▸ **Exercise brief**: Copy the listing as it is written, and leave each picture out.

▸ **Information provided**:
┌────────

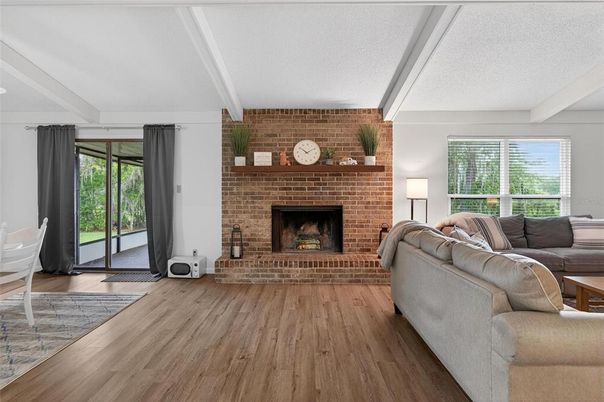 Fireplace, Interior, Living room, Stone Walls, Wood Texture Flooring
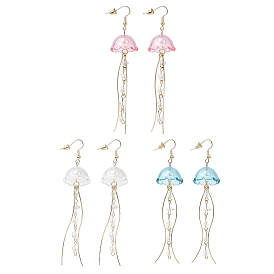 Iron Dangle Earrings, with Plastic Pendants, Jellyfish, Golden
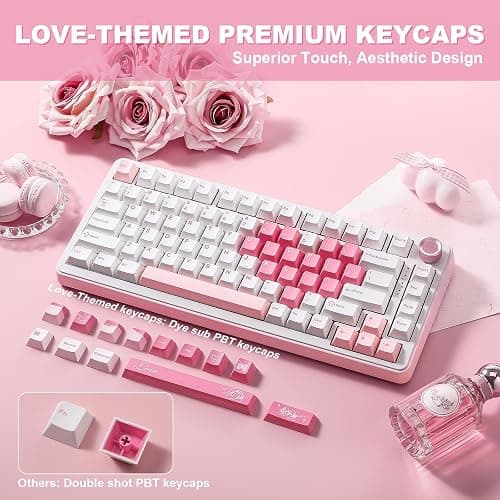 YUNZII B75 PRO Wireless Mechanical Keyboard,75% Gaming Keyboard Gasket Hot Swap Custom Keyboard with Knob,Pre-lubed Switches RGB,Bluetooth/Type-C/2.4G (White Heart, Cocoa Cream V2 Switch) thumbnail 7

└────────

▸ **Answer to this exercise**:
 Fireplace, Interior, Living room, Stone Walls, Wood Texture Flooring
 Iron Dangle Earrings, with Plastic Pendants, Jellyfish, Golden
 YUNZII B75 PRO Wireless Mechanical Keyboard,75% Gaming Keyboard Gasket Hot Swap Custom Keyboard with Knob,Pre-lubed Switches RGB,Bluetooth/Type-C/2.4G (White Heart, Cocoa Cream V2 Switch) thumbnail 7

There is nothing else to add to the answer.